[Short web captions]
**********

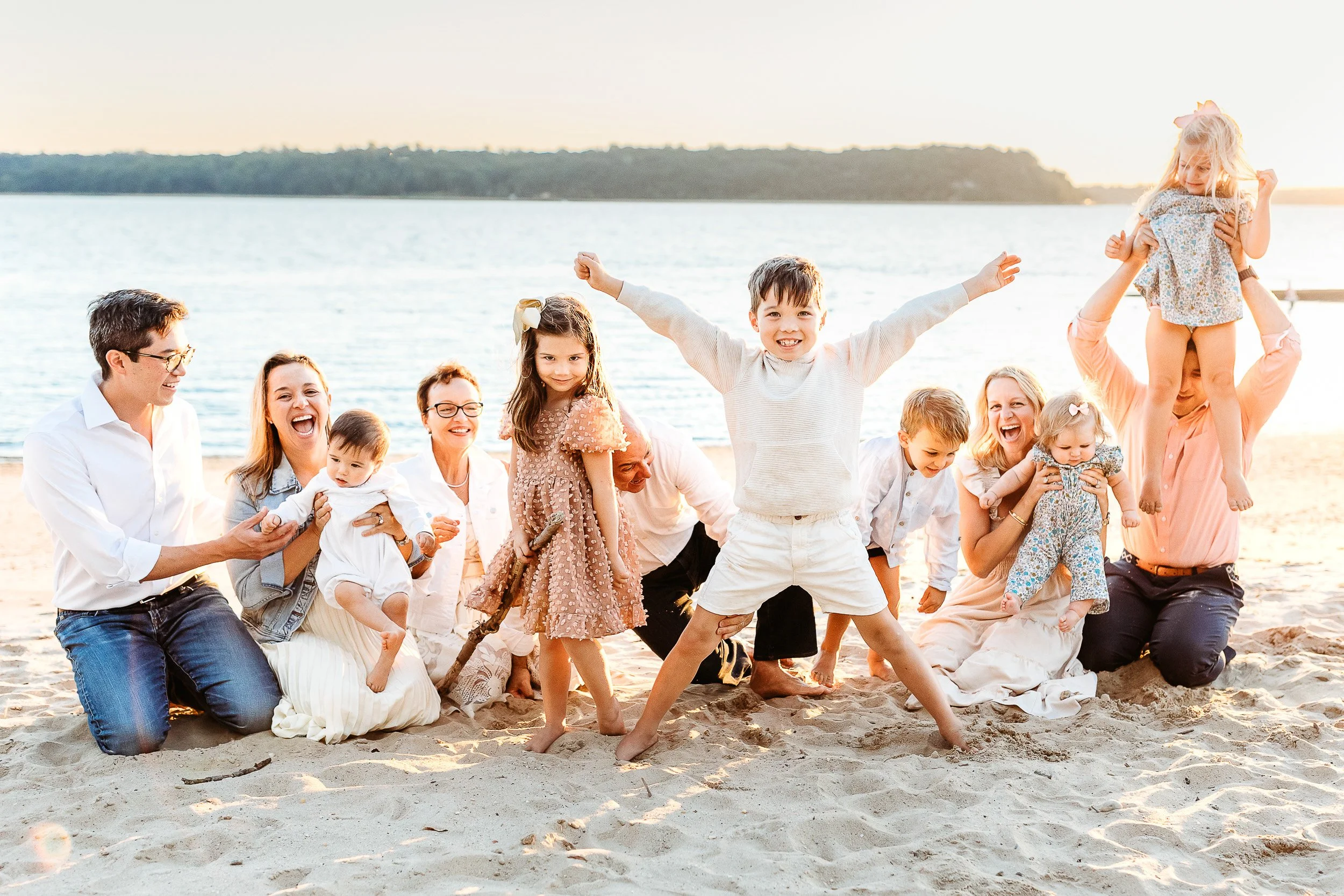 candid family moment during a family photo session with children being silly and dad lifting daughter in the air.  the rest of the family is laughing.  
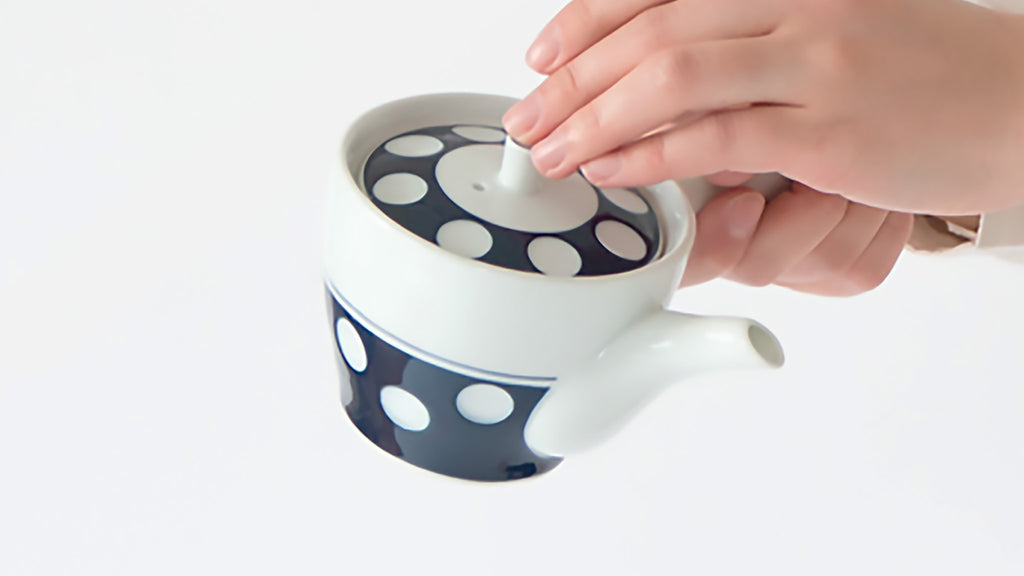 Soesen Kiln craftsmen continue the traditional technique of hand making every part of the tea ware and hand-carving each piece to create the indented polka-dot design. SKU 62497 Soesen Mizutama Kyushu (Side Handle) Teapot.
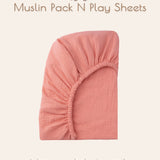 Solid coral muslin pack n play sheet on a beige background.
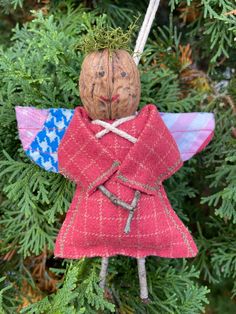 an angel ornament hanging from a christmas tree with pine cones on it's back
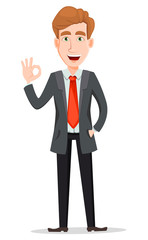 Wall Mural - Handsome businessman in suit showing ok sign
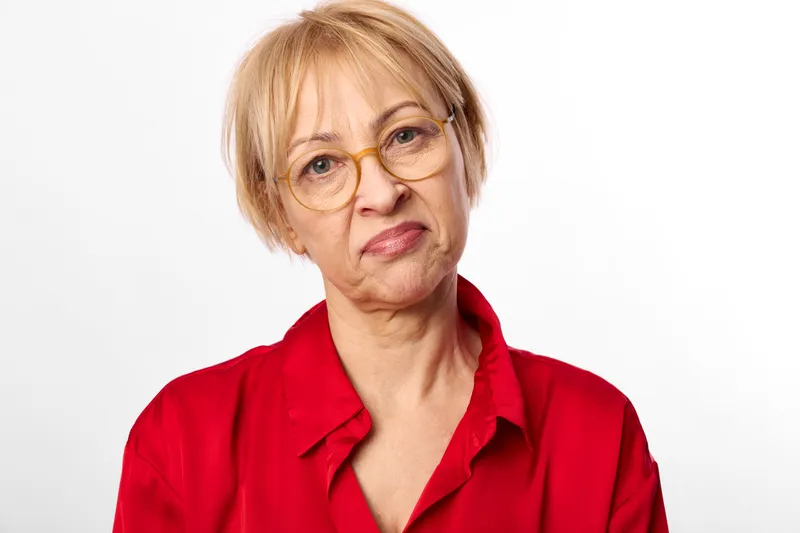 Senior woman portrait in studio, wearing red blouse and round glasses, short blond hair, calm face, looking at camera against bright white background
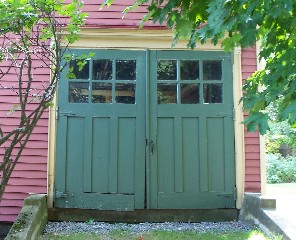 Sagging carriage door lacks proper joinery.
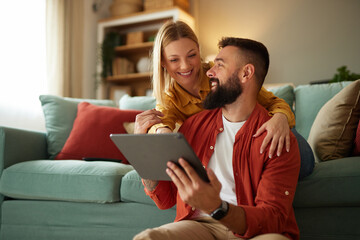 Handsome couple relaxing at home and looking at tablet - obrazy, fototapety, plakaty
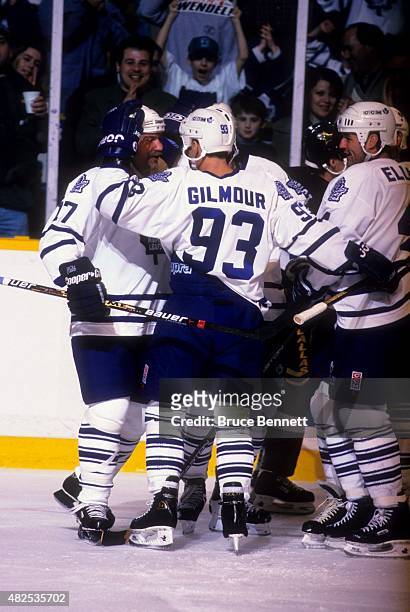 Doug Gilmour and Dave Ellett of the Toronto Maple Leafs celebrate with Wendel Clark after Clark scored during their game agaisnt the Dallas Stars on...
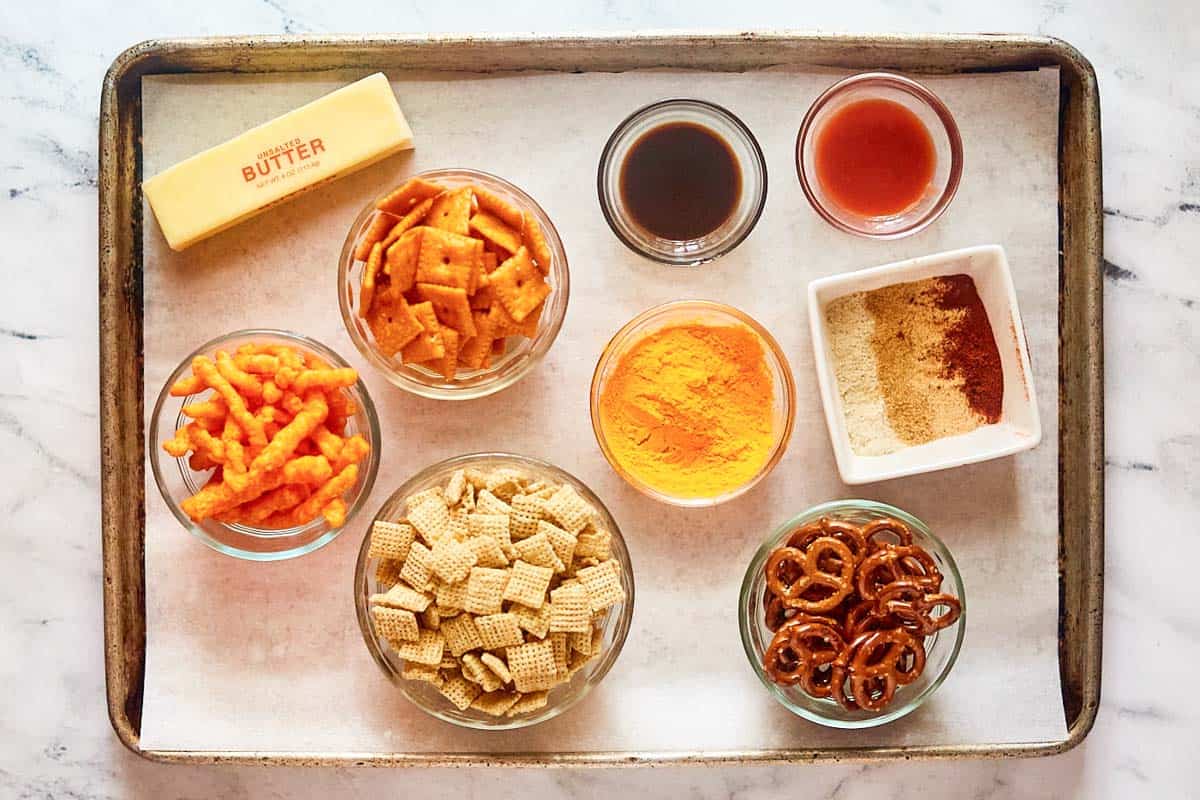 Homemade cheddar Chex mix ingredients on a tray.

**********

• **PROBLEM STATEMENT**
Leaving out the pictures, please output the lines in the entries above from the one with "Soesen Kiln craftsmen" through the one with "Wall Mural - Handsome", exactly as they are.

• **TASK OUTPUT**
 Soesen Kiln craftsmen continue the traditional technique of hand making every part of the tea ware and hand-carving each piece to create the indented polka-dot design. SKU 62497 Soesen Mizutama Kyushu (Side Handle) Teapot.
 Solid coral muslin pack n play sheet on a beige background.
 an angel ornament hanging from a christmas tree with pine cones on it's back
 Wall Mural - Handsome businessman in suit showing ok sign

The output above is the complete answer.